Ikhtiar inilah yang dilakukan klub klub untuk memaksimalkan hasil kandang. Partai kandang menjadi penting lantaran kemenangan identik dengan fulus datang. Klub perlu memuaskan penonton di laga kandang karena setiap kemenangan akan menjadi magnet masyarakat datang ke stadion. Alamak! Ternyata pertandingan itu dagelan.

Apakah penonton atau pendukung paham dengan patgulipat seperti itu. Ya, secara persis pastilah tidak, namun ketika menonton hal hal ganjil banyak disaksikan, atau paling tidak. Sebab ikhtiar seperti yang dilakukan untuk mengamankan capain dari klub yang sedang menggelar hajat partai kandang, bisa jadi juga dilakukan klub lain yang sedang mempersiapkan partai kandang beikut.

Artinya, jika klub sebut klub A misalnya, sedang berikhtiar seperti itu, bisa saja klub lain juga melakukan hal yang sama. Dengan begitu, klub klub mencoba mencari celah bersekongkol dengan pengadil. Tak cukup dengan pengadil, mereka yang punya pengaruh besar bisa saja melakukan langkah seperti itu dengan melibatkan punggawa di jajaran yang lebih tinggi.

Cerita itu dulu menjadi gosip yang kerap berseliweran. Bagi mereka yang berkecipung di Panpel (panitia pelaksana) bahkan menjadi sebuah gawe tambahan yang lazin. Tanggung jawab Panpel tak sekadar memenej laga berjalan aman, namun ‘mengurusi’ wasit adalah tugas khusus yang otomatis melekad. Makanya jamuan untuk wasit jumlahnya menjadi cukup signifikan.

Tidak sekadar menjemput, kemudian menjamu plus memberikan ‘pendampingan’ selama pengadil ini menjadi ‘tamu’nya. Untuk wasit tertentu jamuan bukan hanya menyiapkan makan minum, tetapi menyiapkan wanita di tempat mereka menginap adalah hal yang wajar. Karena itulah pernah suatu waktu insiden pecah, karena sang pengadil tidak menunaikan komitmen. Kemenangan yang mestinya dipsersembahkan meleset.
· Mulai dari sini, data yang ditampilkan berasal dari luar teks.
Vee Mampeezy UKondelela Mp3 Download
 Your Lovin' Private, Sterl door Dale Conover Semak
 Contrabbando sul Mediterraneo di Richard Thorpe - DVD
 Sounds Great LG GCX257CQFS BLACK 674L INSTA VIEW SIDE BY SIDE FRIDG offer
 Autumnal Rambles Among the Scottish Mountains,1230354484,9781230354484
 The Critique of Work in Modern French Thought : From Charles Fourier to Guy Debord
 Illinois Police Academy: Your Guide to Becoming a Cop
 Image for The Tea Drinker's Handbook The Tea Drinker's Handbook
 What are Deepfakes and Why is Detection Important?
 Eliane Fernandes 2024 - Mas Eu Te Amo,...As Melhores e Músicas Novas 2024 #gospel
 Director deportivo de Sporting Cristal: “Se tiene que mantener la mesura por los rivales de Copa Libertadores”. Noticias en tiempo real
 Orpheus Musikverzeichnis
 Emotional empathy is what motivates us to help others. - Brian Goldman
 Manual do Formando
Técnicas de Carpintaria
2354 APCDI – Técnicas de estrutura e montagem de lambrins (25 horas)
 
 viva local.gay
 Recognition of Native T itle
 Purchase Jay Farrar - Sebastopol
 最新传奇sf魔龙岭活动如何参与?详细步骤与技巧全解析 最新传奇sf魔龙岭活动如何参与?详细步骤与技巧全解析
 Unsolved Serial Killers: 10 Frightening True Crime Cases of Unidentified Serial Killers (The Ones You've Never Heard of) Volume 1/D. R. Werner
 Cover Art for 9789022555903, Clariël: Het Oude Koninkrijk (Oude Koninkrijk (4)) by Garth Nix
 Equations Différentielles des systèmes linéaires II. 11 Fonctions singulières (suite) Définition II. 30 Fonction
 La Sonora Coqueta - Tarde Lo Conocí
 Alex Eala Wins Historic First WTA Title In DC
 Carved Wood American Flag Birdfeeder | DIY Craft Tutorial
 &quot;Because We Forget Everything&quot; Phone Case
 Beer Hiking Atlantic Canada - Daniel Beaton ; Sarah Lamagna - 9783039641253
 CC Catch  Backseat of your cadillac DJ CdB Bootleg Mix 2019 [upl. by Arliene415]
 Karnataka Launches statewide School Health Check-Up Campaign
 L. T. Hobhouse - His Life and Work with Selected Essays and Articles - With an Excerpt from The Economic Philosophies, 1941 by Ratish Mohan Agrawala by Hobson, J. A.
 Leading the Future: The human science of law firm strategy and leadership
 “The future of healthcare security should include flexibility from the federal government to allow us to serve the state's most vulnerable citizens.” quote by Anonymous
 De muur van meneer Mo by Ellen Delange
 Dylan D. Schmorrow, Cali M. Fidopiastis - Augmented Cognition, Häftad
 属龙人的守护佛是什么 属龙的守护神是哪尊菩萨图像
Walhasil di tempat ganti tragedi penghajaran terpaksa dilakukan.

Ya bayangkan, itulah wajah sepakbola kita. Menyesakkan lagi praktik pengaturan skore dalam kurun waktu tertentu semakin masif. Kasus yang menyeret 14 punggawa PSSI adalah bukti telak. Untung ada sang peniup peluit alias whistle blower dari seorang srikandi Persibara Banjarnegara Lasmi Indaryani. Andai tidak ada nyanyian wong Banjar itu, apakah kontroversi lancung di PSSI sudah terkuak seperti sekarang?

Sekarang ini bola salju sudah bergulir kencang. Di tengah euforia orang kebat kebit menunggu Satgas Anti Mafia Bola yang dibentuk Polri bergerak tokoh yang sudah malang melintang kepengurusan PSSI, Joko Driyono ikut terseret di pusaran apek kompetisi.

Miris, Joko Driyono yang akrab dipanggil Jodri adalah tokoh kuat. Jam terbang dan jejaringnya di tubuh PSSI tak diragukan lagi. Karenanya ketika Edy Rahmyadi lengser tampuk kepemimpinan disematkan di pundaknya. Nah, jika kini Jodri sudah menyandang status tersangka, tentu dia bukan lagi menjadi pintu masuk, tetapi gerbang besar sudah terbuka.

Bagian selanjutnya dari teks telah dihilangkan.